Next UCL president ‘must listen to academics’

Union leader calls for Michael Arthur’s successor to rethink institution’s direction

August 28, 2019
Michael Arthur
Source: UCL
Michael Arthur

The next president of UCL should re-engage with academics and rethink the future of the institution, according to a union leader.

Michael Arthur announced earlier this month that he would step down in September 2020 after seven years at the helm.

Professor Arthur said that having spent nearly two decades as a university leader – he was vice-chancellor of the University of Leeds between 2004 and 2013 – he was “looking forward to pursuing new and different opportunities”.

Professor Arthur has overseen significant expansion of UCL’s student numbers and research activities, and he led the development of the institution’s new £516 million campus, UCL East, on the Olympic Park site in Stratford, east London.

But he has also contended with long-running staff discontent over an alleged top-down management style, and concern that the UCL East project could jeopardise the institution’s financial stability.

Sean Wallis, president of the University and College Union branch at UCL, said that there had been a “series of tensions within the university” during Professor Arthur’s tenure. However, he acknowledged that the key challenge, UCL East – “which may well turn out to be a white elephant” – was inherited from Professor Arthur’s predecessor, Sir Malcolm Grant.

Last year, UCL lecturers successfully pressed for an inquiry into the institution’s governance aimed at “re-establishing academic values” at the centre of how the university is run.

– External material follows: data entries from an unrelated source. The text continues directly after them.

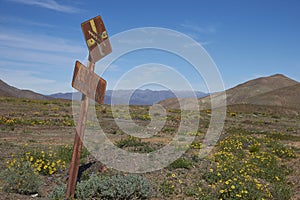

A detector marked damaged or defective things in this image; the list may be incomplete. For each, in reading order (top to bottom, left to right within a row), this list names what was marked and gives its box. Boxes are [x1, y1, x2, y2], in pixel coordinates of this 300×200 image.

rusty metal sign [81, 15, 112, 62]
rusty metal sign [72, 60, 106, 104]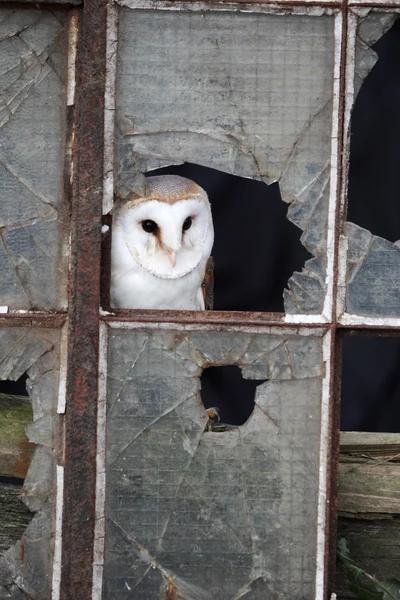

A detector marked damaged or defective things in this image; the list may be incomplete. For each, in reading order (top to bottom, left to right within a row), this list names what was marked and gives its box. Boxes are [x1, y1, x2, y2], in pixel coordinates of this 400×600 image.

broken glass [0, 10, 68, 310]
broken glass [114, 5, 336, 314]
broken glass [340, 9, 400, 318]
broken glass [0, 328, 61, 600]
broken glass [104, 328, 326, 600]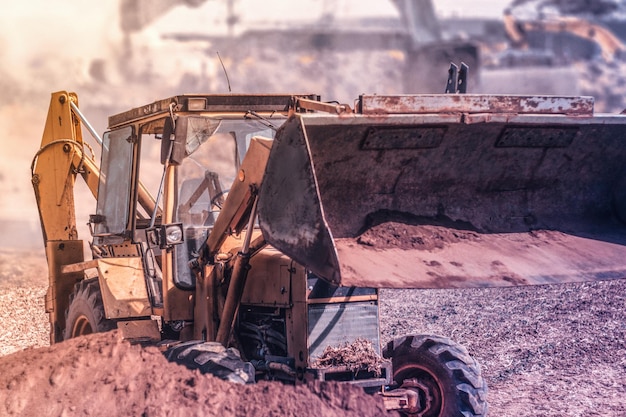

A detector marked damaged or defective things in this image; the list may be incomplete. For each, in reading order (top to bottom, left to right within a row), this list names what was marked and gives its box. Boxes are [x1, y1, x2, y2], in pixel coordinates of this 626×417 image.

rusty metal bucket [256, 95, 624, 288]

For UCL to “survive and flourish” over the next decade, academics needed to be recognised as an “asset to the university” and to be listened to, said Mr Wallis, rather than “allowing a clutch of senior managers to run the university behind the backs and over the heads of the academic staff”.

“To be fair, they are not equipped to make a distinction between what is good and not good in academic terms, and what would be worthwhile in academic terms,” said Mr Wallis, a principal research fellow at UCL.

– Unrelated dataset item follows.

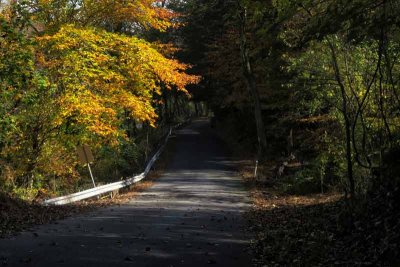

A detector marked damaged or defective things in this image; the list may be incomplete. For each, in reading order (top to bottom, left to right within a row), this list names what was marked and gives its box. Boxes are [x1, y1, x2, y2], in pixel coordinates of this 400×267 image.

bent guardrail section [43, 126, 175, 206]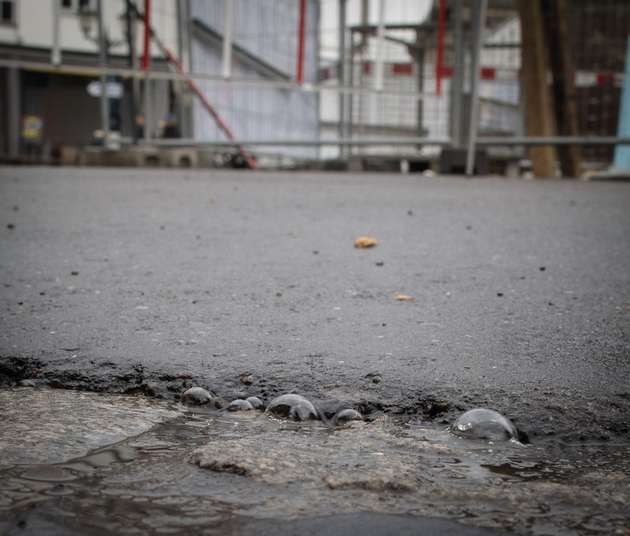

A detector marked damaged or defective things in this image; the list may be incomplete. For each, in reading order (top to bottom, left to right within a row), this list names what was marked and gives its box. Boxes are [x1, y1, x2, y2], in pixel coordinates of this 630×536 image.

damaged asphalt [1, 166, 630, 440]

The university has launched a global search for a successor for Professor Arthur.

Mr Wallis said the “ideal next provost” would be somebody who said, “Let’s stop what we have been going, let’s pause for a bit and have a think, [asking] are we doing the right thing,” and who then engaged staff in that exercise.

“If you do those things, then people would respond because I think if senior academics are nostalgic for Malcolm Grant, that tells you something,” he added.

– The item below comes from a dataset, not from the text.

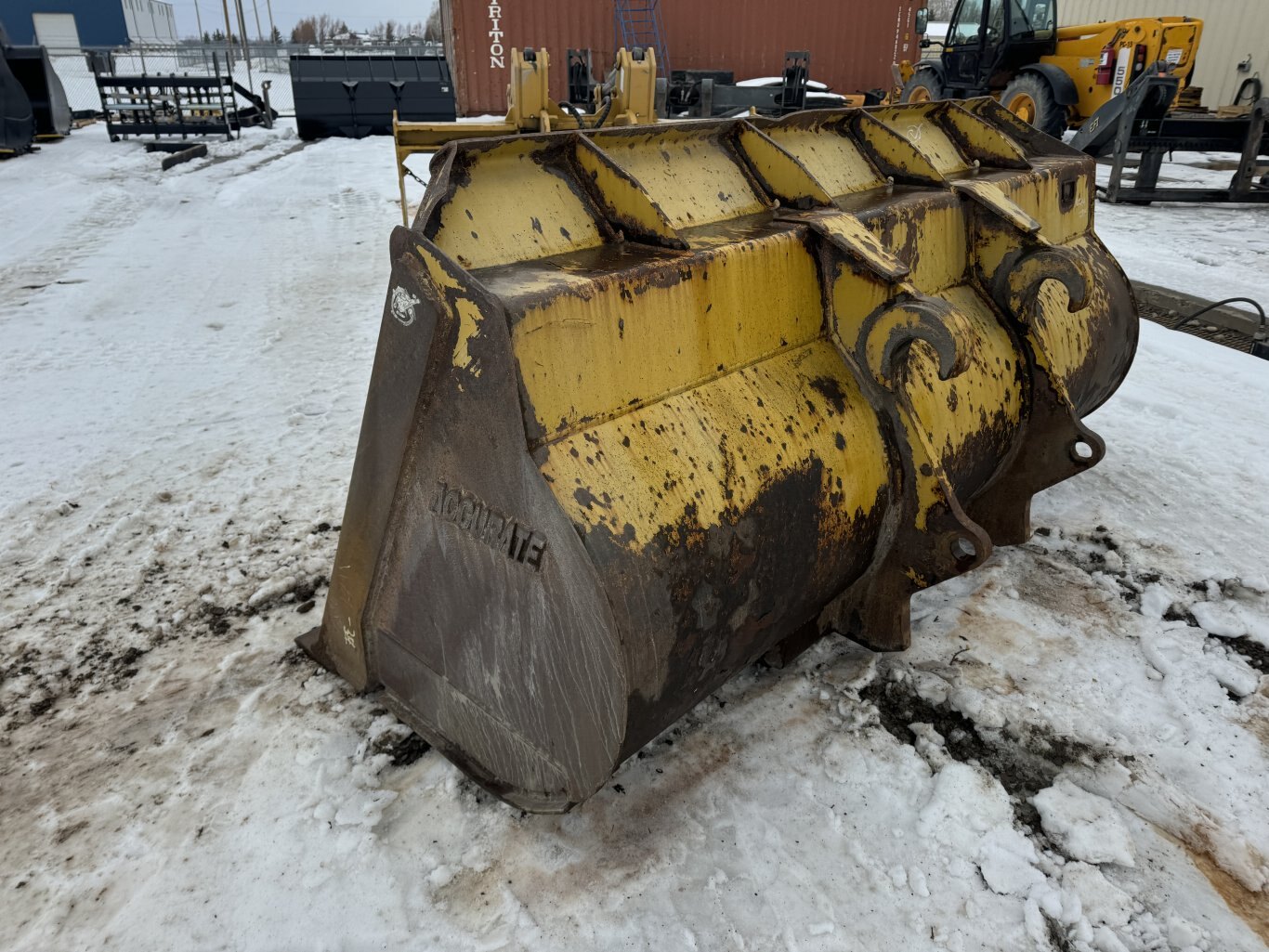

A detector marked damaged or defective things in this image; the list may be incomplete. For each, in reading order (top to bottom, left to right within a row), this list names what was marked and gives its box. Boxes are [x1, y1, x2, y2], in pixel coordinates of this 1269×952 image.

rusty steel bucket [299, 98, 1142, 812]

“They are nostalgic for at least the idea that they might be respected enough to be actually talked to, so that their voices actually matter” and they are not merely consulted after the fact.

The new provost needed to be able to carry people with them, but also to reach out and say, “nothing is off the table”, including “managing and curtailing the budget on some of these [UCL East] build costs”, Mr Wallis said.

A UCL spokesman said the university was “committed to being as transparent as it can be in all financial and governance issues relating to its activity and is working on improving channels of communication with all parts of its academic community”.

“We are actively considering the best way to improve some of the structures of governance, both for council and for the academic board. This work is being spearheaded by UCL president and provost Professor Michael Arthur, with the full support of the deans of UCL, who represent our large and diverse academic body.”